### What you have to do
Each line that includes the word "Canvas" should be copied from the records.
### Material for the task
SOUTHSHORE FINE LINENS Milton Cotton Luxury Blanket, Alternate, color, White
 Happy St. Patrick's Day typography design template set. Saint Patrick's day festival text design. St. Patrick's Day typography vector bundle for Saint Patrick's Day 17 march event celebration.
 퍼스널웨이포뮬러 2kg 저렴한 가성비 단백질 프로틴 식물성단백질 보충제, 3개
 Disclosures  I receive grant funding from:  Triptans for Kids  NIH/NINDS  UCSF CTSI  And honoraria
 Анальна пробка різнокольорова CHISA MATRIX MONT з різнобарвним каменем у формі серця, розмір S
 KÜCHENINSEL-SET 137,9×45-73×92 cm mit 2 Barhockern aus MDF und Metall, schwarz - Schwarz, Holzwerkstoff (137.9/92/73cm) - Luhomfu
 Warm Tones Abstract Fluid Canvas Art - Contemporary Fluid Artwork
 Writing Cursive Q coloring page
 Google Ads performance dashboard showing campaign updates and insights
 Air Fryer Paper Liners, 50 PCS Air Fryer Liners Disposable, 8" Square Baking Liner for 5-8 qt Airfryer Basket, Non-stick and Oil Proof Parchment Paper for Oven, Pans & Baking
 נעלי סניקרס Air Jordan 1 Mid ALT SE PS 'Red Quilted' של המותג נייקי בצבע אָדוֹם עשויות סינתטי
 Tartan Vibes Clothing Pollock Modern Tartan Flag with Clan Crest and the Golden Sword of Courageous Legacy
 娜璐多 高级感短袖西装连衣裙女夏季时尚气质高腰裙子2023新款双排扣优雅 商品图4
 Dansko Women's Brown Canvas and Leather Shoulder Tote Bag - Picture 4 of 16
######
### Solution to this problem
 Warm Tones Abstract Fluid Canvas Art - Contemporary Fluid Artwork
 Dansko Women's Brown Canvas and Leather Shoulder Tote Bag - Picture 4 of 16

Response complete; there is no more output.